Top of RECORDS FOR THE EXERCISE
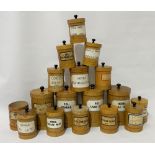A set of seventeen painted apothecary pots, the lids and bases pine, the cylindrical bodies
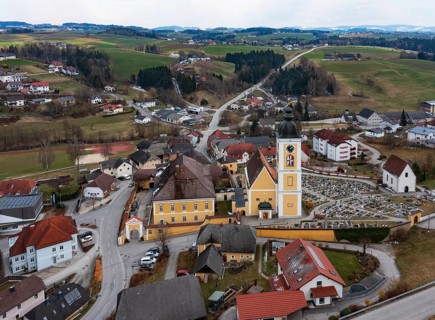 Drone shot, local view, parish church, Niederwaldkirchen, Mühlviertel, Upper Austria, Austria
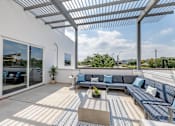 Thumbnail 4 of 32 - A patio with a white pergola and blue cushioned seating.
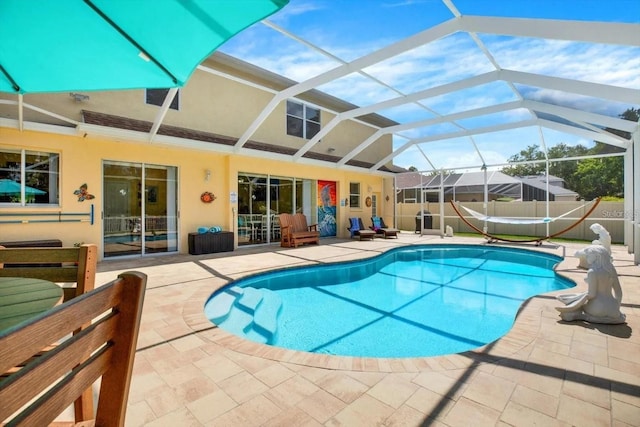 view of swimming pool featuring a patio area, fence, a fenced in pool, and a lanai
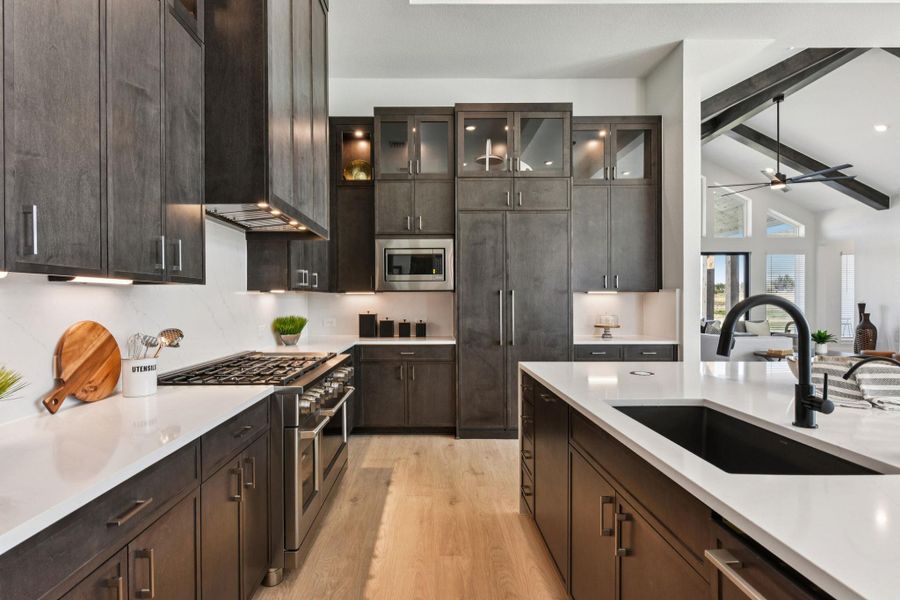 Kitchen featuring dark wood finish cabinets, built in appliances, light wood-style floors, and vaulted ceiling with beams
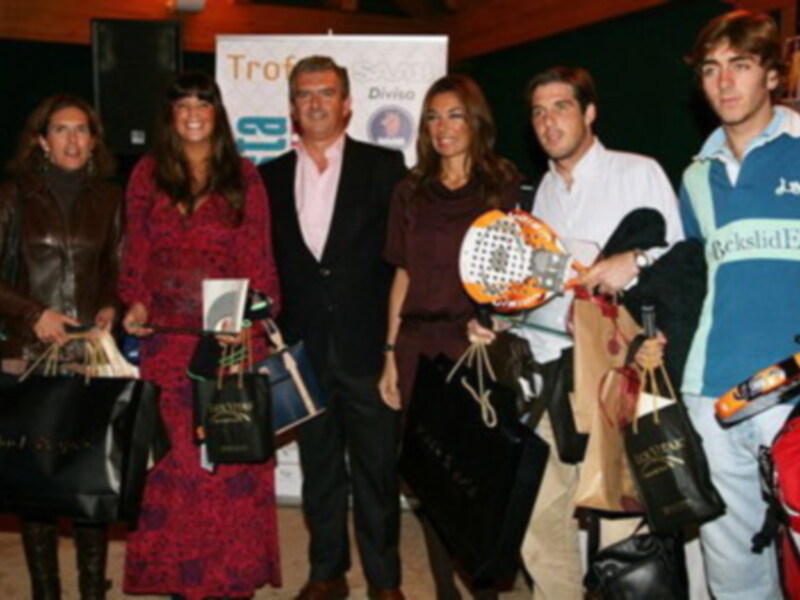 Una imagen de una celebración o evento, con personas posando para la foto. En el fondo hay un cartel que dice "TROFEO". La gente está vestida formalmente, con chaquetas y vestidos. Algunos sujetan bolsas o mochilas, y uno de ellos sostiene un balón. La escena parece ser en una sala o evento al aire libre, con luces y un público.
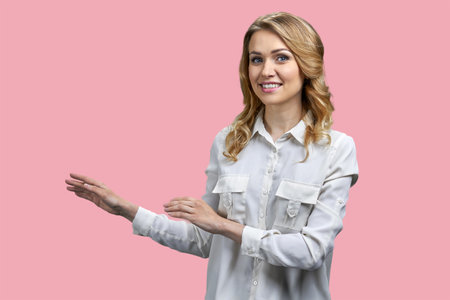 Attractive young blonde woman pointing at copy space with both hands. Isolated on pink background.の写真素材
Bottom of RECORDS FOR THE EXERCISE
Top of RECORDS FOR THE EXERCISE
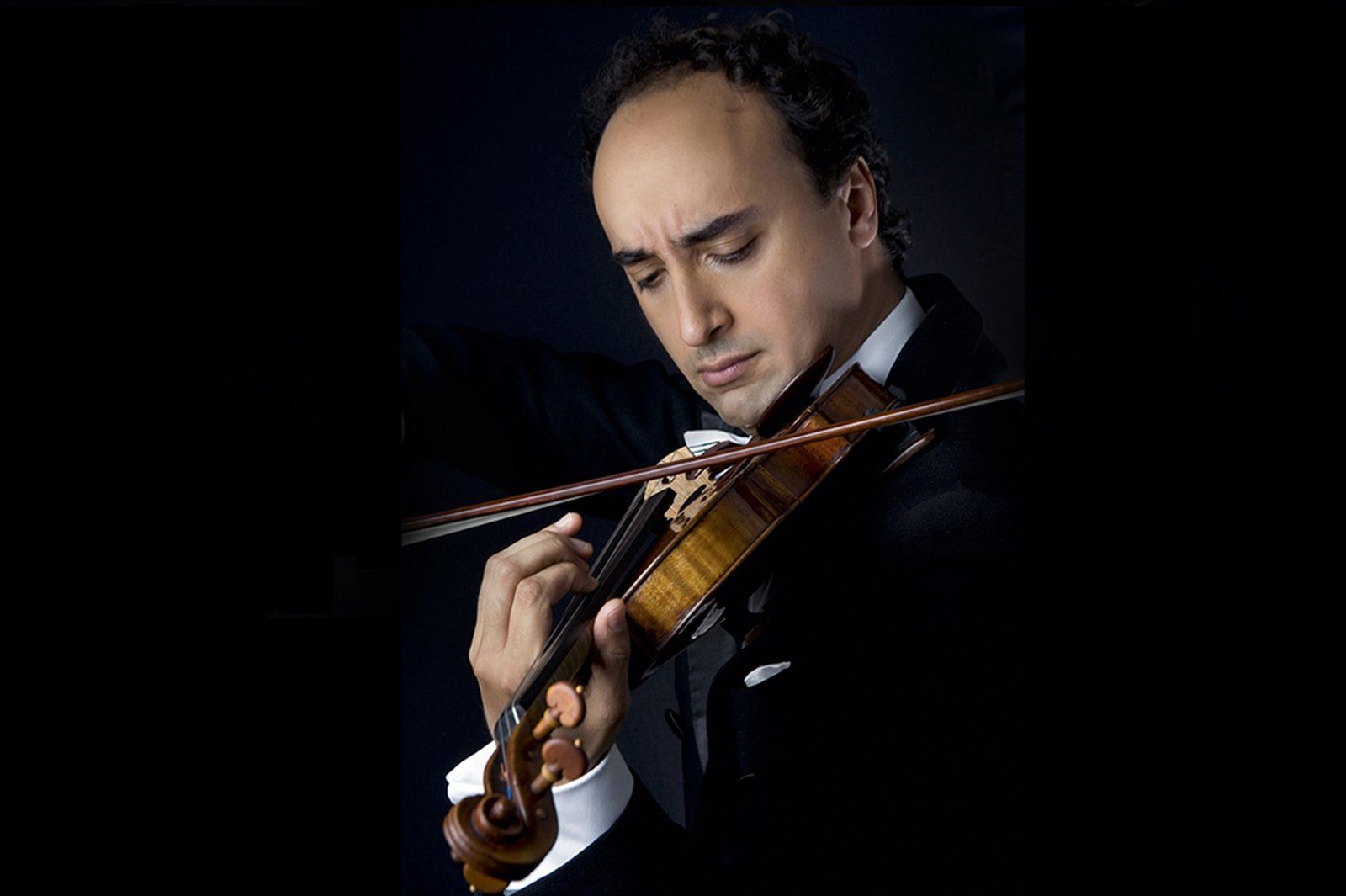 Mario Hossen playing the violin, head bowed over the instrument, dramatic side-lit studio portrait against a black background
Bottom of RECORDS FOR THE EXERCISE
Top of RECORDS FOR THE EXERCISE
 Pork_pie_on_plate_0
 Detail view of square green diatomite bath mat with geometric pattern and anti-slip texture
Bottom of RECORDS FOR THE EXERCISE
** WORK REQUIRED **
Give again, exactly as written above, each line from the one that has "A set of seventeen" to the one that has "Una imagen de", both included; omit the pictures.

** THE COMPLETED TASK **
A set of seventeen painted apothecary pots, the lids and bases pine, the cylindrical bodies
 Drone shot, local view, parish church, Niederwaldkirchen, Mühlviertel, Upper Austria, Austria
 Thumbnail 4 of 32 - A patio with a white pergola and blue cushioned seating.
 view of swimming pool featuring a patio area, fence, a fenced in pool, and a lanai
 Kitchen featuring dark wood finish cabinets, built in appliances, light wood-style floors, and vaulted ceiling with beams
 Una imagen de una celebración o evento, con personas posando para la foto. En el fondo hay un cartel que dice "TROFEO". La gente está vestida formalmente, con chaquetas y vestidos. Algunos sujetan bolsas o mochilas, y uno de ellos sostiene un balón. La escena parece ser en una sala o evento al aire libre, con luces y un público.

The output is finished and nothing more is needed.